[Saved data entries]

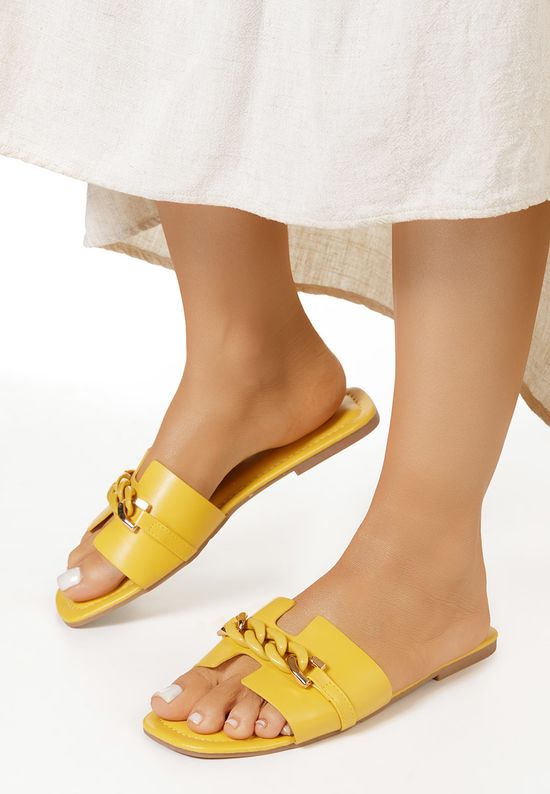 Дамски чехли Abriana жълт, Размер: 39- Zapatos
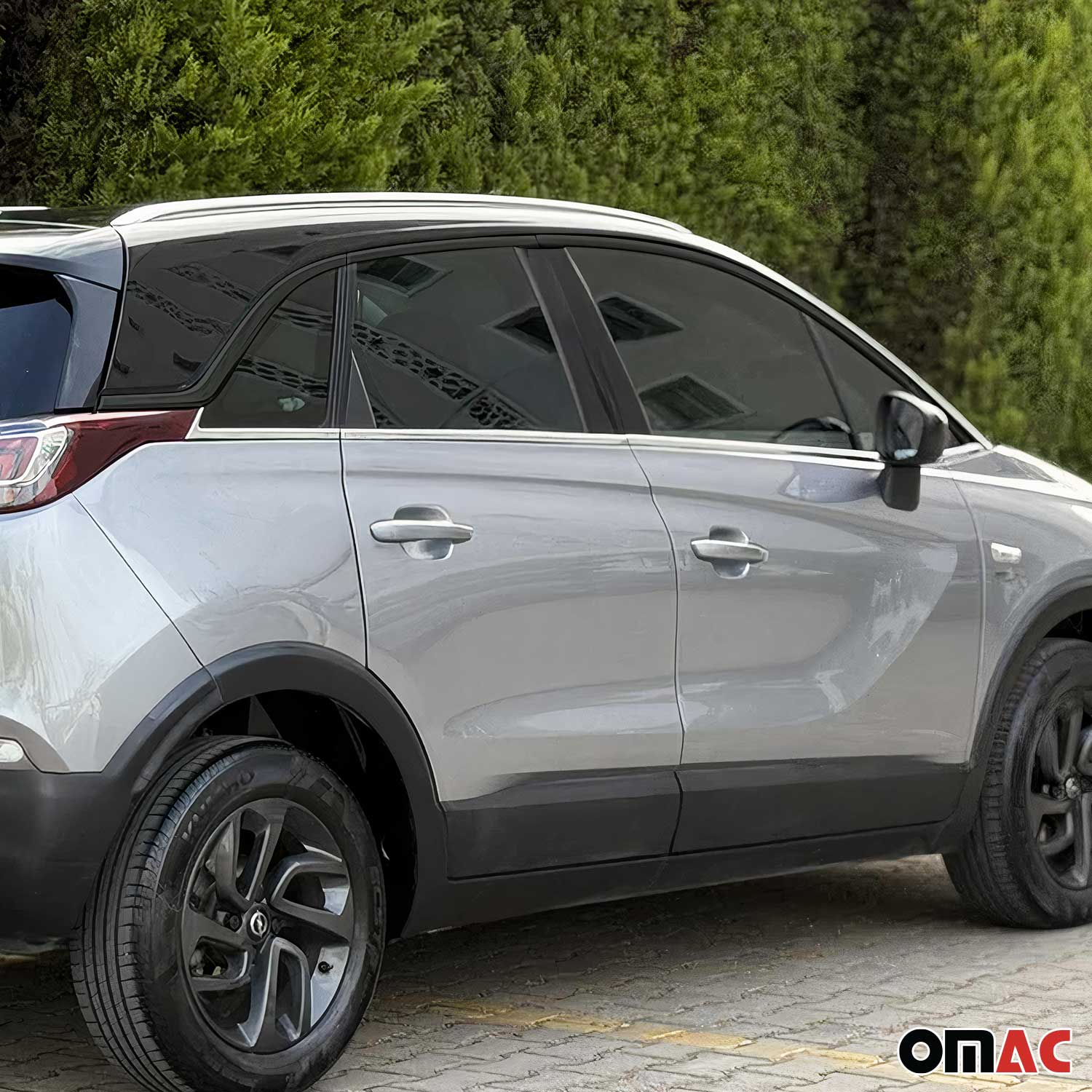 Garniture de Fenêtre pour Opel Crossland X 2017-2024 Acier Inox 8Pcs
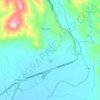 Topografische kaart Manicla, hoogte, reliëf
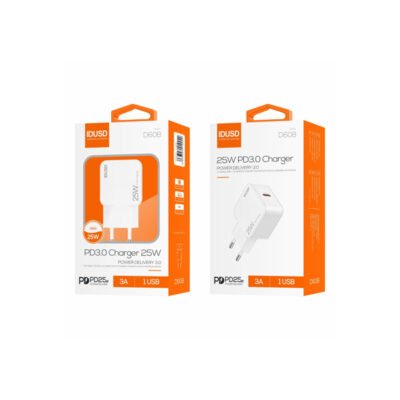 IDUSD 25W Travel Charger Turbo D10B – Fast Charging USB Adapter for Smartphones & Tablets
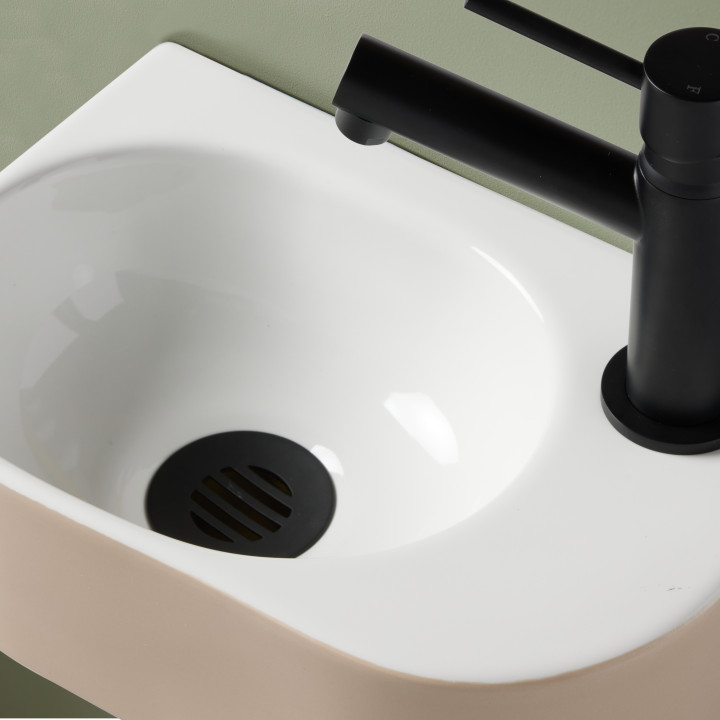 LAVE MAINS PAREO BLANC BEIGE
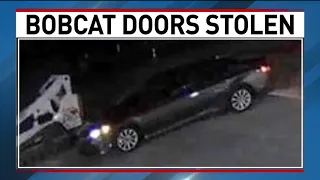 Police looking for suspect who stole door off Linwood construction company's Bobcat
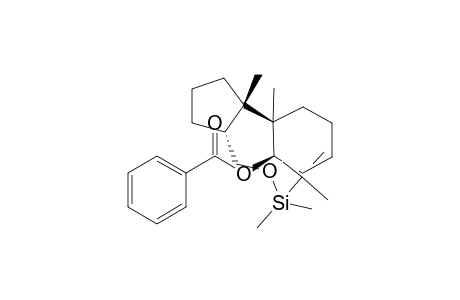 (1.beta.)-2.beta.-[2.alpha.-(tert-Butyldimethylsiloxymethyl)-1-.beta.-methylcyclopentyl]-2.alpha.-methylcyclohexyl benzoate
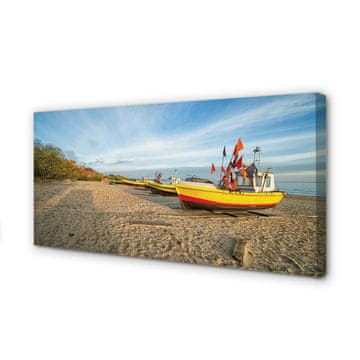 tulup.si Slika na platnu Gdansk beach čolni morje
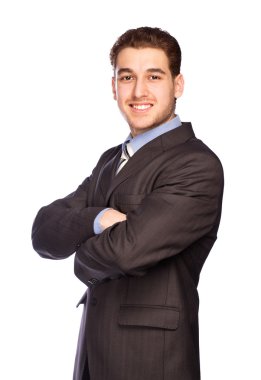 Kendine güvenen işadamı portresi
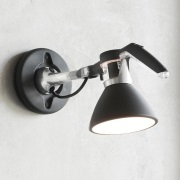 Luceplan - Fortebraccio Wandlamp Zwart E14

EXERCISE REQUIREMENTS | Among the lines above, the one with "Garniture de Fenêtre" opens the part to repeat and the one with "LAVE MAINS PAREO BLANC BEIGE" closes it; repeat only that part exactly, with no pictures.

TASK RESULT |
 Garniture de Fenêtre pour Opel Crossland X 2017-2024 Acier Inox 8Pcs
 Topografische kaart Manicla, hoogte, reliëf
 IDUSD 25W Travel Charger Turbo D10B – Fast Charging USB Adapter for Smartphones & Tablets
 LAVE MAINS PAREO BLANC BEIGE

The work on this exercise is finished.